Social welfare lobbyists also say the government failed to properly convey public health advice to multicultural communities, with leaflets not translated into enough languages.
“Opening up obviously is a natural thing where you have successful control,” said Prof Wang Linfa, director of the programme in emerging infectious diseases at the Duke-NUS Medical School in Singapore.
“But whether the society and every citizen is ready and educated enough to cope with the ‘new norm’ of Covid-19” is another matter, he said.
Stung into action, Mr Andrews announced a judicial review into the alleged hotel quarantine breaches. And after the city experienced about two weeks of double-digit daily increases in infections, he ordered the lockdown of 12 suburbs in Melbourne’s northern and western fringes.
But it wasn’t enough. On Monday, Victoria’s neighbouring state New South Wales announced it would be closing their shared border for the first time since the 1919 Spanish Flu pandemic. Residents of Victoria have also been barred from other parts of the country where community transmission has largely been halted.
By Tuesday, as the daily tally reached a new state record of 191, Mr Andrews extended the lockdown across the entire metropolitan area.
Australia has been one of the standout performers globally in limiting the spread of the virus. It achieved that by closing international and state borders, quarantining returning residents, social distancing measures and a widespread testing and tracing regime.
As of Tuesday, the nation had recorded just 8,755 cases and 106 deaths, the latter putting it on par with Maine, one of the least-affected US states.
In Queensland state, which had two active cases as of Tuesday, people have been able to enjoy a beer in a pub and watch live sport with some restrictions on numbers, while the Northern Territory, where there is just one active case, removed almost all restrictions last month but still encourages social distancing.
Meanwhile, in Melbourne on Wednesday residents were rushing to supermarkets to stock up. Citizens living in towns near the border with New South Wales who needed to cross to the other side for work waited in long queues for police to check their hastily printed permits.
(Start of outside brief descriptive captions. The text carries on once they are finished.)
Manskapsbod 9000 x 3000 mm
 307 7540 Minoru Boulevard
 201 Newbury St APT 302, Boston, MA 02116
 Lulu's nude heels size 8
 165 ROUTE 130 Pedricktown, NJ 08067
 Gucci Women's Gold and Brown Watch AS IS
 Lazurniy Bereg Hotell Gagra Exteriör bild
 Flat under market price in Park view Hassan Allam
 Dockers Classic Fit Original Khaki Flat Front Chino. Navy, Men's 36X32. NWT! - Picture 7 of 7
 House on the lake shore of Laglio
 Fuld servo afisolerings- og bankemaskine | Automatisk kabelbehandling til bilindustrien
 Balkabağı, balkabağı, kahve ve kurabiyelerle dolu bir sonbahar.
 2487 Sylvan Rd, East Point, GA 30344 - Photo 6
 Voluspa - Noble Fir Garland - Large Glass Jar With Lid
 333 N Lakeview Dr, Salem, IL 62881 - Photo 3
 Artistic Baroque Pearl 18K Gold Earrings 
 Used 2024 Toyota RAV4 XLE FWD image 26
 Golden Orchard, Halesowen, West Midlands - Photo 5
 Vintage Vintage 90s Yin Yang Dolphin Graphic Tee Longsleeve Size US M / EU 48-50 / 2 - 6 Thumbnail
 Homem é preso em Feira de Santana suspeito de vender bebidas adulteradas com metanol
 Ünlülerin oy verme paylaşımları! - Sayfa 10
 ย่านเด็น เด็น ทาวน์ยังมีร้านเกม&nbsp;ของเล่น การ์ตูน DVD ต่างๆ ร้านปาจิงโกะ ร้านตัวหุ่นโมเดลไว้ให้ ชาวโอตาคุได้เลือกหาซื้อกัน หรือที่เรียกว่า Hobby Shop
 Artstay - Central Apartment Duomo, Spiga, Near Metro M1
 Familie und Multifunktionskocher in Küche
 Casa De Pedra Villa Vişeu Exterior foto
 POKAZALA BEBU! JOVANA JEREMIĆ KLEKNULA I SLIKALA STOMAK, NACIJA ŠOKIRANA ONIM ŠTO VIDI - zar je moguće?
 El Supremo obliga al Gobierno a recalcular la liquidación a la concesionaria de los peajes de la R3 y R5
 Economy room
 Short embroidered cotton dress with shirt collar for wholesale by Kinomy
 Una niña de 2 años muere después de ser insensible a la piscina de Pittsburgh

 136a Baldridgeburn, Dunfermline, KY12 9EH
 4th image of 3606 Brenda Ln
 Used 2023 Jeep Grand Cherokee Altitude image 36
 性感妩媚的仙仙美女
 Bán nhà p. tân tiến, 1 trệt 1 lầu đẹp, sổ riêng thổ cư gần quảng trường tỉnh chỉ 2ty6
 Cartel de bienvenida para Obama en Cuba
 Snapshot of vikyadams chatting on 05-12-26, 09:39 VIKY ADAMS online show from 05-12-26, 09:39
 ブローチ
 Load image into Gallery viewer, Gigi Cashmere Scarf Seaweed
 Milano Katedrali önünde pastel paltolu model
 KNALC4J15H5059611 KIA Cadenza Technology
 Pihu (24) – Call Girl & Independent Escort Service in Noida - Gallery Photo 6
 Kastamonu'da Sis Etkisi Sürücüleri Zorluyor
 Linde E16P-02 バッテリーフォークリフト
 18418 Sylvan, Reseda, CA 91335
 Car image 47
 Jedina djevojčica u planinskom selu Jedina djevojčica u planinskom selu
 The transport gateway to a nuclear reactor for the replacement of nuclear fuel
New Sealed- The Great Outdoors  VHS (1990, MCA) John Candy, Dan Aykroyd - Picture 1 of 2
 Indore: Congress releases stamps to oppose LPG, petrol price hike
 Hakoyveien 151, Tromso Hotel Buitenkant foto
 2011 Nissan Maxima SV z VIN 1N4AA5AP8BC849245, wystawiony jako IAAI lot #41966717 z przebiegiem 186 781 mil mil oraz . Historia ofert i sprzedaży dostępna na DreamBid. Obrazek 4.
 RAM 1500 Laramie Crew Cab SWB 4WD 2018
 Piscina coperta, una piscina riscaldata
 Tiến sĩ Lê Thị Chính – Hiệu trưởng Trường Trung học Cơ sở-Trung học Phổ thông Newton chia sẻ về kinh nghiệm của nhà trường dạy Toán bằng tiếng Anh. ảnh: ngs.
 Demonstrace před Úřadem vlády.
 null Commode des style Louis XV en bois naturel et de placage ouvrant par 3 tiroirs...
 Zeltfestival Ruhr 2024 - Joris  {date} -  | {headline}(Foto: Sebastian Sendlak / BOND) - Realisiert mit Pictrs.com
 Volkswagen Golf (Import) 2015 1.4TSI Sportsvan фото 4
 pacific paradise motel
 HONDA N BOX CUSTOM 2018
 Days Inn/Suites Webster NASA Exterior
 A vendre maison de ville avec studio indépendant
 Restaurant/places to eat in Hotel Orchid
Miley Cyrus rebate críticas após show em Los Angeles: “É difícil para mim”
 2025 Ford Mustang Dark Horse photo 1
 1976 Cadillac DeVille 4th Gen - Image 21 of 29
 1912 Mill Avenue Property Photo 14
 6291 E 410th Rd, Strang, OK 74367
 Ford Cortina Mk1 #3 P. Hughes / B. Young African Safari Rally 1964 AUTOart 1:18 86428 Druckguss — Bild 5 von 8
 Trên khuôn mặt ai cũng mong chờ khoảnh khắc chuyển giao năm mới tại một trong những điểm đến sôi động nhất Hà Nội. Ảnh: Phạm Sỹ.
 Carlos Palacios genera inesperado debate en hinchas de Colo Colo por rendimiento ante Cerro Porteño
Australian Treasurer Josh Frydenberg wrote in an op-ed published on Wednesday that the outbreak in Victoria, which contributes about a quarter of national gross domestic product, had already eroded the nation’s economic recovery. The lockdown could cost A$1 billion (S$968 million) a week, he said.
“It shows us how quickly the pandemic can change,” Australia’s deputy chief medical officer Michael Kidd said this week.
“The situation in Melbourne has come as a jolt – not just of the people of Melbourne but people right across Australia who may have thought that this was all behind us. It is not.”